The Breach
Page 6
Angelo stopped himself from rolling his eyes. “If this is about opening it by December, the answer is no. We’re already strapped, especially with the two new projects up north. I cannot make further allowances on the inspections.”
“Cannot or will not? You refute me every step of the way.”
“Which reminds me, your permit application never came in either.”
“Angelo, I expected no to be your first answer.” The Colonel rubbed the back of his neck. “Kastelbell and Glurns are not to be compromised. I understand that. Still, I have to push the Gleno forward. I need the inspector’s approvals to do so. Besides, it’s twelve months you’ve got.”
“Because the king wants to hold an opening ceremony before Christmas?” Angelo shook his head. “What everyone’s asking for is to wring blood from a turnip. We have not seen satisfactory repairs to the mess that got started on the Gleno. Besides, you’d have to pull workers off other projects if you push it forward. That would jeopardise our state-run projects. So here’s my second answer: no.”
The Colonel smirked. “Come now, Angelo.”
“It’s my last answer.”
“That’s why we’re talking.”
As the Colonel waved Luigi Barbarasso over, Angelo noted his father’s buttons straining on his suit jacket. Too much of Mama’s braised veal? He had another issue, however.
“Did you pay off another one of my inspectors? He approved that plenary problem surprisingly quickly.”

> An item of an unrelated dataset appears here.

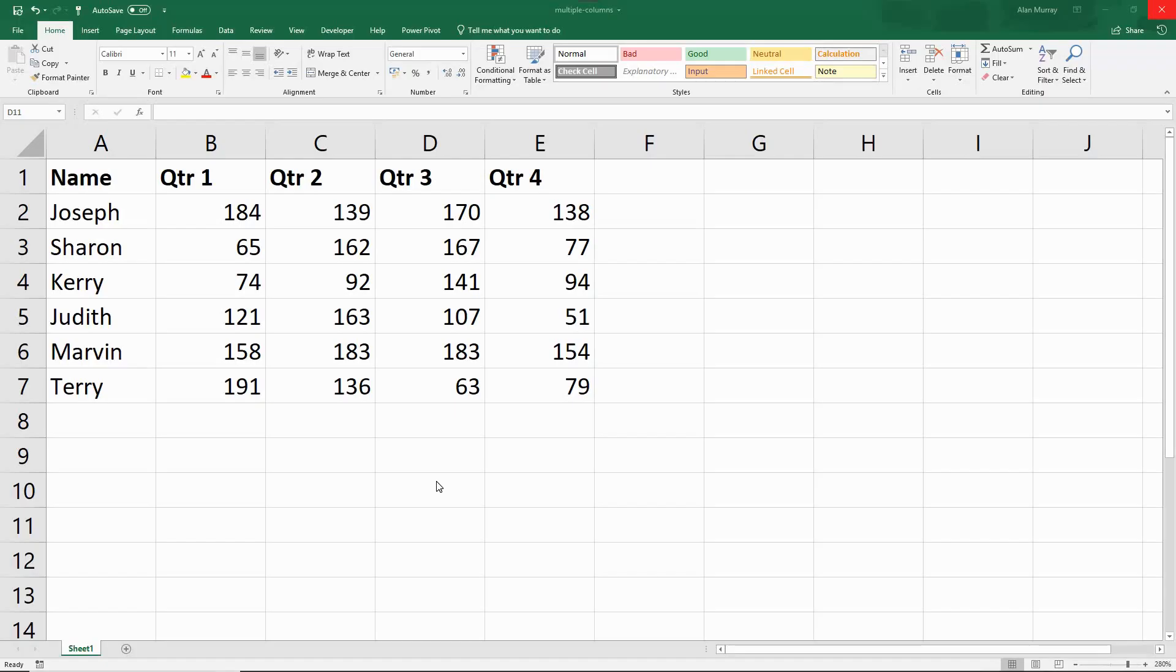Hello and welcome to this video tutorial from ComputerGaga.com. In this video, we are going to look at using conditional formatting with multiple columns.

But Barbarasso had reached them, and the Colonel signalled he would not answer the question. The contractor and lumberman looked more similar as time went on, like two fighting bulldogs. Or, Angelo mused, the way a dog and its owner could begin resembling one another.
“Mr Barbarasso,” Angelo said to his father’s bulldog, “good to see you. You’re looking rather robust.”
“I’ve been taking more exercise,” Barbarasso said.
Angelo followed the lumber baron’s look, which seemed to devour Signora Conti in a single gulp.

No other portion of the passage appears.